Hugo Paemen speaking for the EC said the three areas where there were no texts were also the areas where "extreme positions" had made it impossible to reach a basis for negotiations.

In anti-dumping those with most open economies and were largest importers, and thus likely targets for dumping, had been confronted with exporters who questioned the need for effective antidumping provisions.

In TRIMs, Australia and the Third World countries had questioned the justification of any prohibitive actions, with some questioning even the existence of a mandate.

In Agriculture, the EC had been "under vociferous pressure" to eliminate the main elements of its double price system - variable levies, internal support and export restitution (subsidies). From the beginning the EC had made clear this was a non-starter, but that it was ready to negotiate without dismantling the basis of its present system. "In this as in others, all-or-nothing attitudes, which are the negation of real negotiations, have weighed heavily on the negotiating process".

The success or failure of the Ministerial meeting would depend upon ability of Ministers to reach political breakthroughs in the main areas of the negotiations.

In agriculture, where no real negotiations had taken place, while there were important disagreements, there was also agreement that the reforms should address the three main areas - internal support, market access and export competition as well as sanitary and phyto-sanitary regulations. "Our disagreement is over the depth and speed of the reform", Paemen said.

In market access, the EC had resisted pressures to reduce its offer based on an across-the-board reduction but a readjustment would be inevitable on the basis of present counter-proposals.

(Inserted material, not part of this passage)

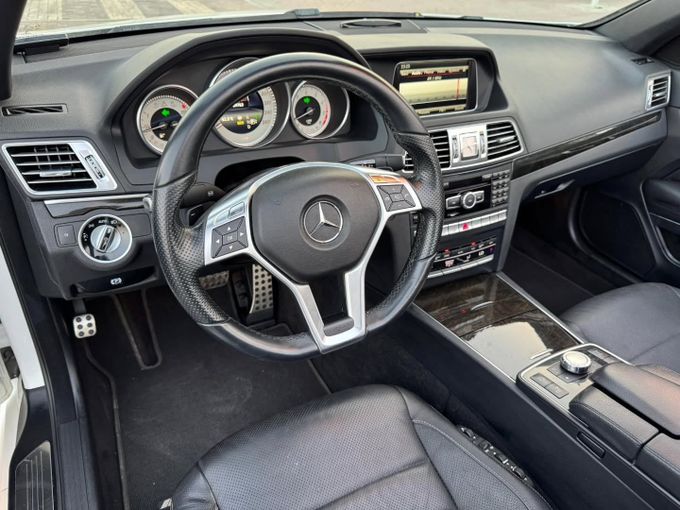 Used Mercedes-Benz E-Class 350 IV (W212, S212, C207) Facelift, 3.5 l, 2014 in Dubai by Saeed Auto, White color. Japanese Specs | AUTO.AE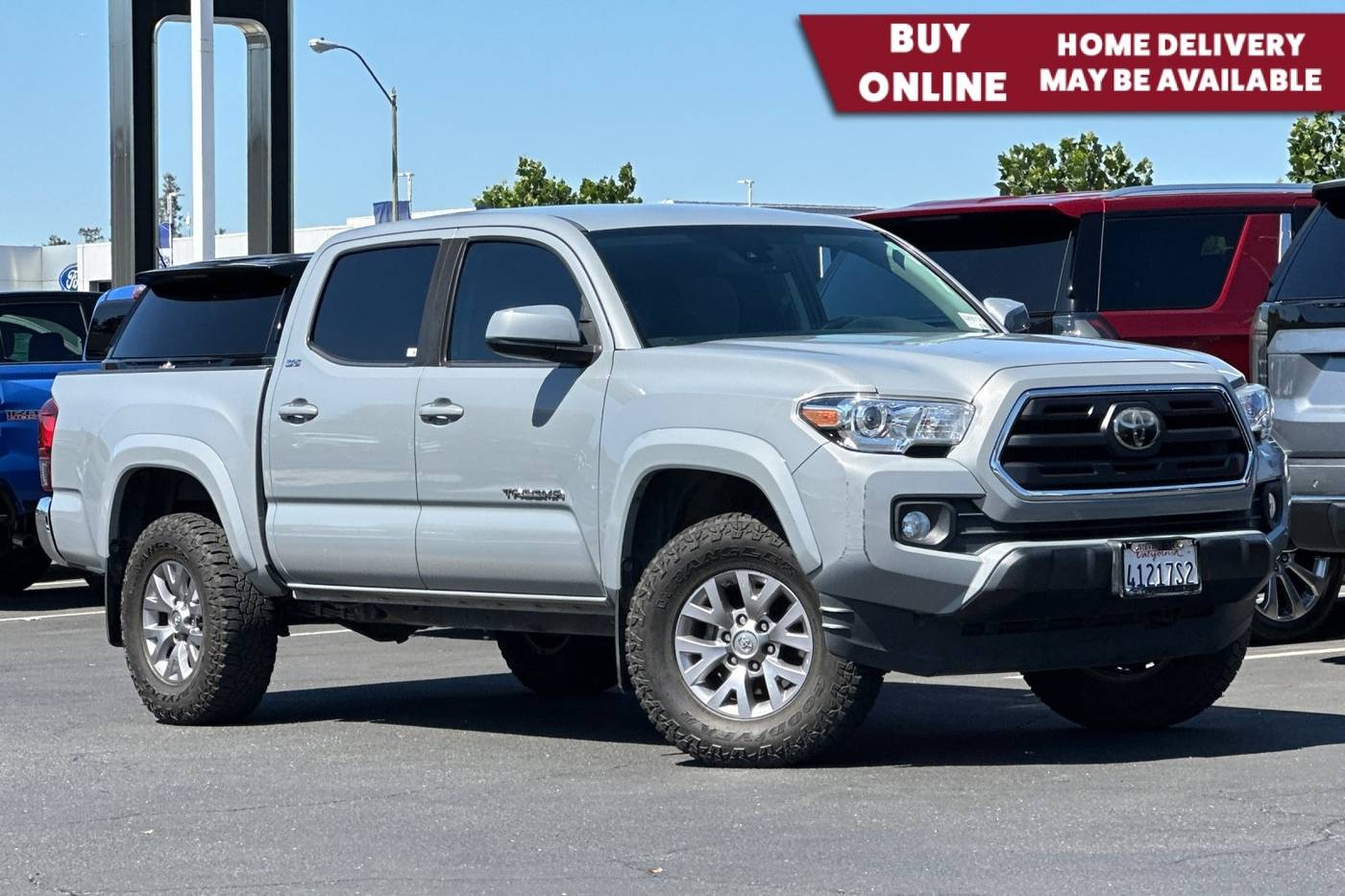2019 Toyota Tacoma SR5 — Pickup Truck — 82,700 mi — San Jose, CA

Third World countries could not escape responsibility for success of the Round and they like the ICs must agree to play by "all the rules". Within the limits of their economic development, the EC expected them to contribute to market opening.

In Textiles, which had never been effectively integrated into the multilateral rules, what was needed was concrete evidence of market opening for textile products worldwide, accompanied by clear GATT rules in key sectors - anti-dumping, subsidies and counterfeiting - so that integration could proceed and could be achieved.

The Services text was "extremely unsatisfactory" since it contained no substantive contribution to possible provisions on Financial Services. There was an "ocean of brackets" in the text, which it would be well nigh impossible for Ministers or even senior officials to distinguish substantive political options from technicalities. Ministers at Brussels would have to find rapidly a means to address the real issues.

The proposal over MFN (U.S. formulation for conditional MFN and perpetual derogation) would fundamentally undermine the prospects of a balanced outcome acceptable to all.

There was a collective responsibility to bring to fruition at political level the best of four years of work. It was not easy.

But the alternative and foreseeable consequences of failure of the Round "oblige us to extend our efforts and imagination to the limit in order to achieve the indispensable political breakthroughs in Brussels".